Working Capital

Invoice Financing and Factoring

How invoice financing and factoring work from the supplier's perspective, what AP teams need to know when a supplier's invoices are factor-owned, and how assignment notices affect payment handling.

Invoice financing and invoice factoring are financial instruments used by suppliers (not buyers) to access cash against outstanding receivables before customers pay. When a supplier uses factoring, they sell their unpaid invoices to a factoring company (the "factor") for a percentage of the face value -- typically 80 to 90 percent upfront, with the remainder (minus fees) paid when the buyer pays the factor. The factor then owns the debt and expects to collect payment directly from the buyer. For the AP team, this means that payment instructions may change: instead of paying the supplier, the business is directed to pay the factor's bank account.
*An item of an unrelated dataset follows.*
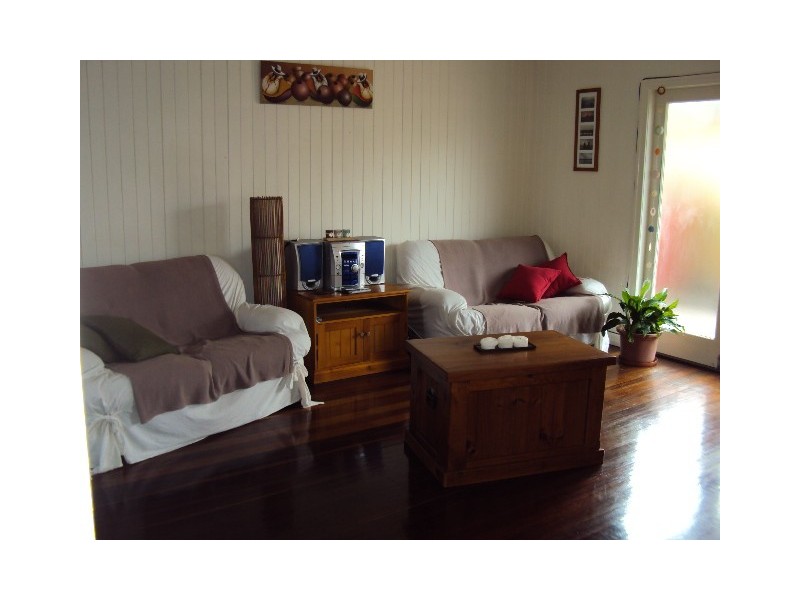 2/10 Dunkirk Street, Gaythorne QLD 4051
Invoice financing (also called invoice discounting) is a similar but more confidential arrangement where the supplier borrows against its receivables but the customer relationship is maintained -- the supplier continues to collect payments from its customers and remits them to the financier. In this arrangement, the buyer's AP team may not know that the invoice has been financed, because payment directions remain the same and the factor is invisible to the buyer.
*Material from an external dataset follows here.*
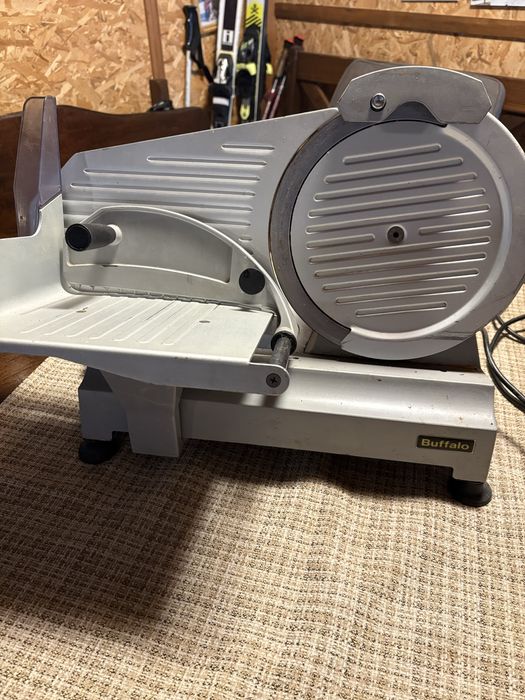 Професионална колбасо резачка.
Assignment notices and AP obligations

When a supplier factors a specific invoice, the factor typically sends the buyer an "assignment notice" -- a formal document notifying the buyer that the invoice has been assigned to the factor and that payment should be made to the factor's bank account rather than the supplier's. Receiving an assignment notice creates a legal obligation: if the buyer pays the supplier (the wrong party) after receiving a valid assignment notice, the buyer may be liable to pay again to the factor. The "pay again" risk is the critical AP risk in factoring relationships.
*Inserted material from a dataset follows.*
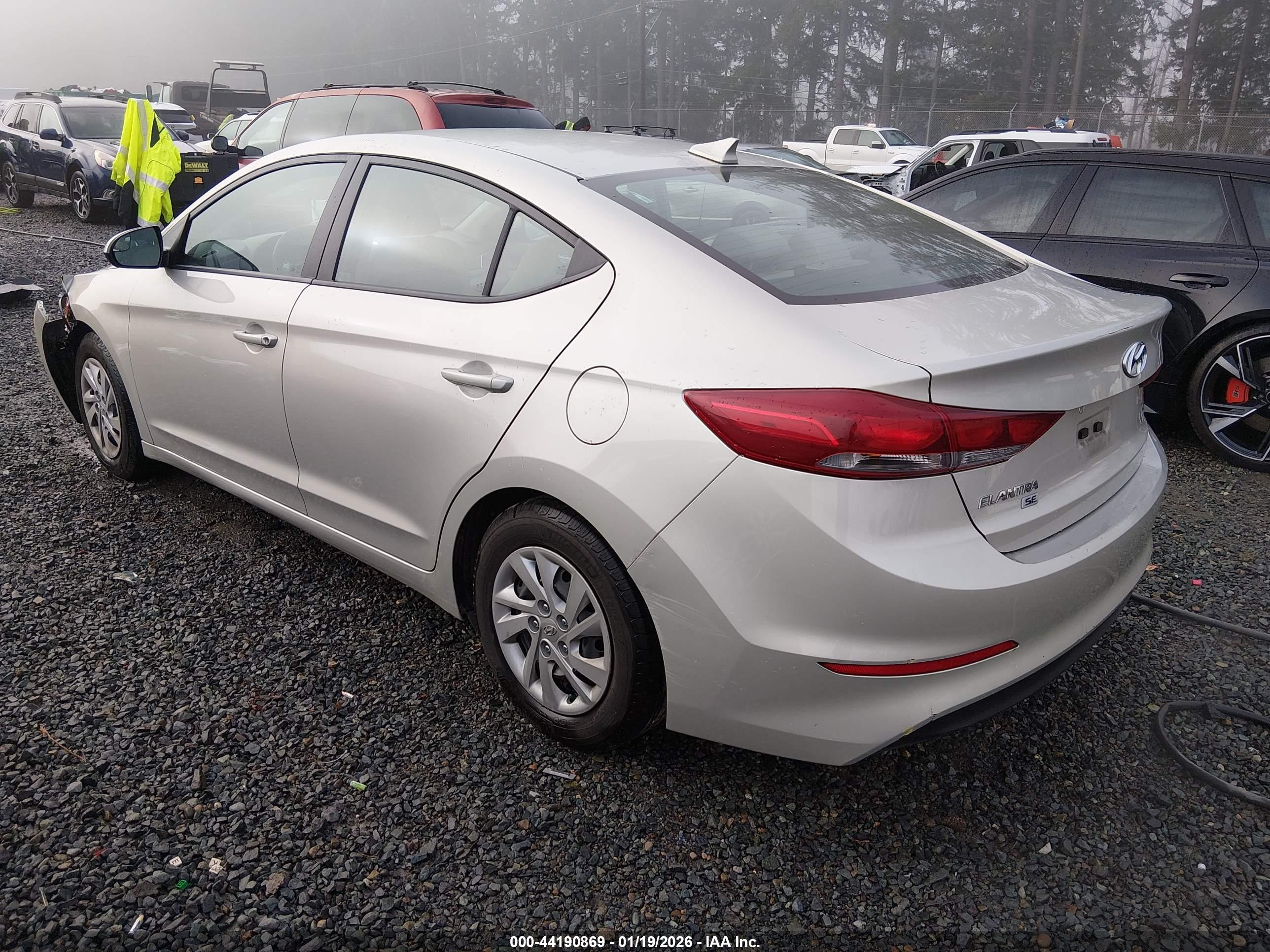 HYUNDAI ELANTRA image 3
AP teams receiving assignment notices should: verify the notice is genuine (it should come from or be confirmed by the original supplier); update the payment instructions for the specific invoices referenced in the notice; and document the assignment in the AP system so that the payment run generates payment to the factor's account rather than the supplier's default account. The payment instruction change should apply only to the specific invoices listed in the notice -- not to all future invoices from that supplier -- unless the notice specifies a whole-of-relationship assignment.

Assignment notice fraud

Assignment notices are also a vector for fraud: a fraudster who has access to a genuine supplier's invoice can send a fake assignment notice directing payment to a bank account they control, impersonating the factor. This is structurally similar to vendor impersonation fraud (bank account change fraud) but uses the legitimate-sounding mechanism of an assignment notice to make the direction change seem authorised. AP teams should verify assignment notices through the same callback verification process as bank account change requests -- calling the supplier (at their existing contact number) and the purported factor (at a number found independently, not from the notice) to confirm the assignment before changing any payment instructions.